◆ **TRY IT**: Every line from the one with "Опубликовано фото ДТП" to the end of the listing, and nothing else, is to be printed exactly; please leave the pictures out.

◆ **PROVIDED MATERIAL**:

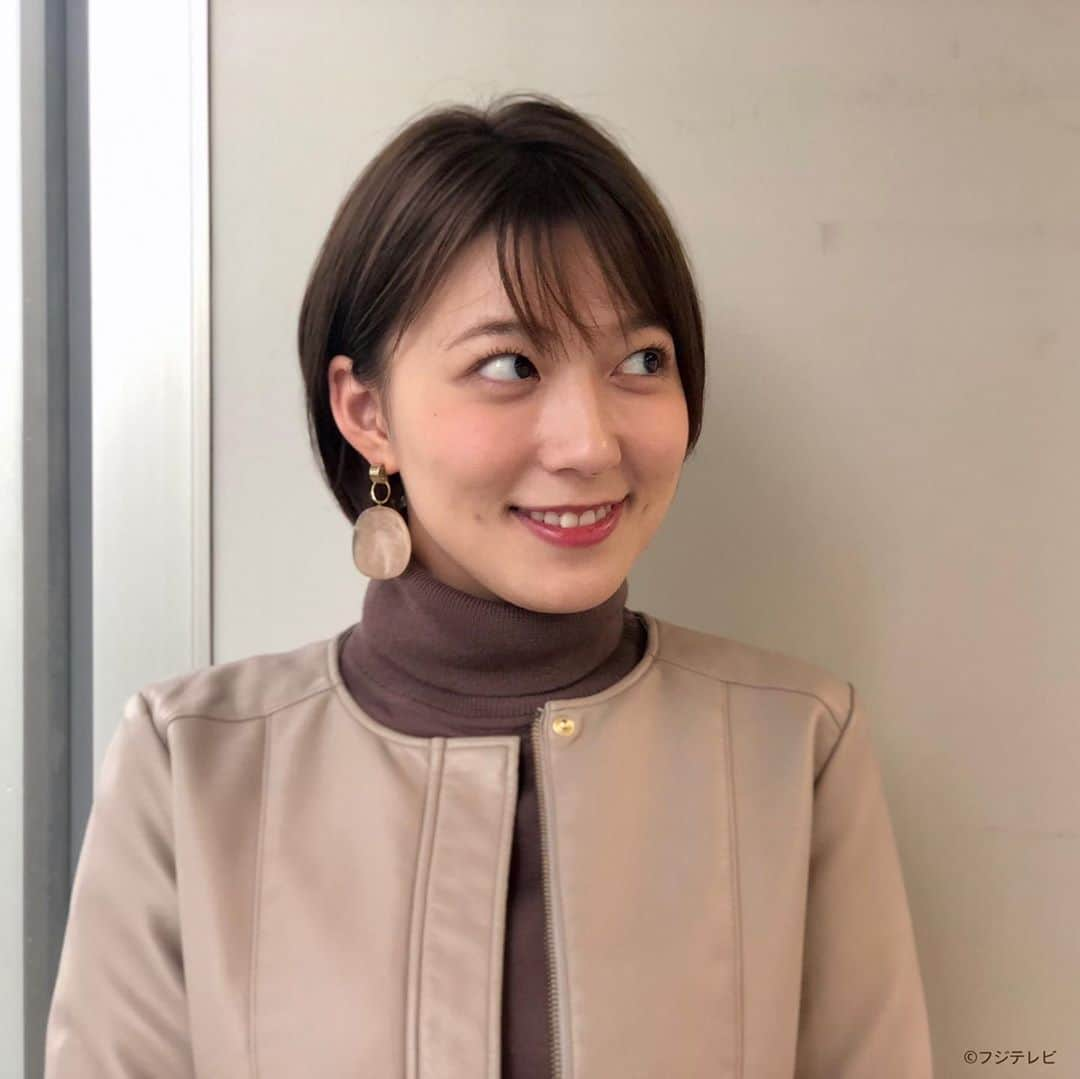 フジテレビ「めざましテレビ」さんのインスタグラム写真 - (フジテレビ「めざましテレビ」Instagram)「10月23日（火）きょう何着て行く？ ・ ファッション雑誌CanCamとコラボした お天気コーナー「きょう何着て行く？」 阿部華也子ちゃんの毎日のコーデを紹介♪ ・ 【きょうのコーデ】 ジャケット→#MEW’SREFINEDCLOTHES 8900円 ニット→#GU 1490円 スカート→#Swingle 9800円 靴→#ILIMA 8900円 ピアス→#mimi33 2500円 ・ 【コーデのポイント】 ブラウンからピンクの暖色系グラデーションコーデ👚 アウターは薄い色、トップスとスカートを濃い目で絞めれば 全身が引き締まってスタイルアップが叶います👀✨ 揺れ感がきれいなラッフルフリルのスカートで 奥行きも意識すると🙆‍♀️ ・ #めざましテレビ #きょう何着て行く？ #阿部華也子 #今日のコーデ#コーデ #CanCam #今日のファッション#ootd #きょう何着て行く？は月〜金朝6時22分ごろ放送！」10月23日 13時16分 - mezamashi.tv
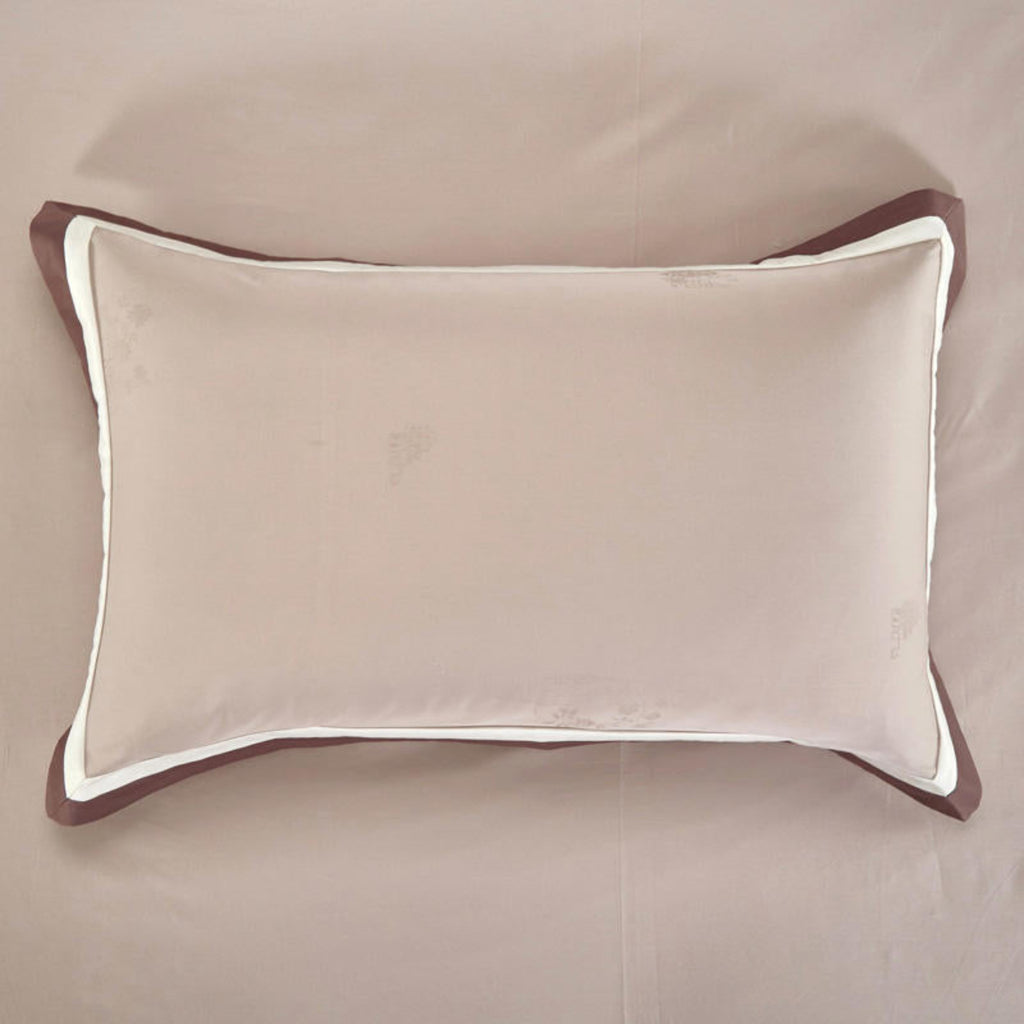 Beige Pink Bedding Detail – Accent Pillows on Egyptian Cotton Flat Sheet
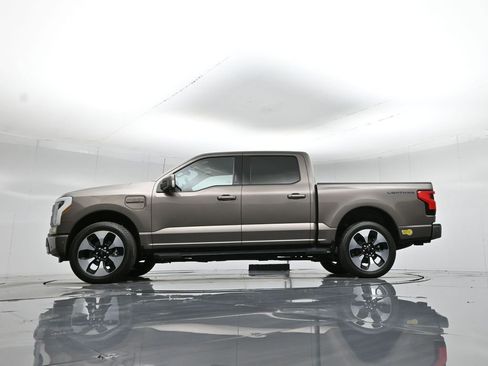 Certified 2022 Ford F150 Lightning Platinum image 7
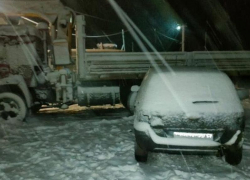 Опубликовано фото ДТП иномарки с припаркованным КамАЗом в Воронежской области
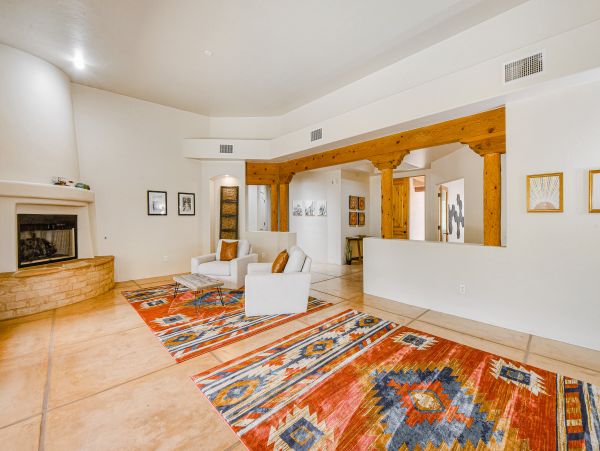 Tucson Home 1025186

◆ **TASK OUTPUT**:
 Опубликовано фото ДТП иномарки с припаркованным КамАЗом в Воронежской области
 Tucson Home 1025186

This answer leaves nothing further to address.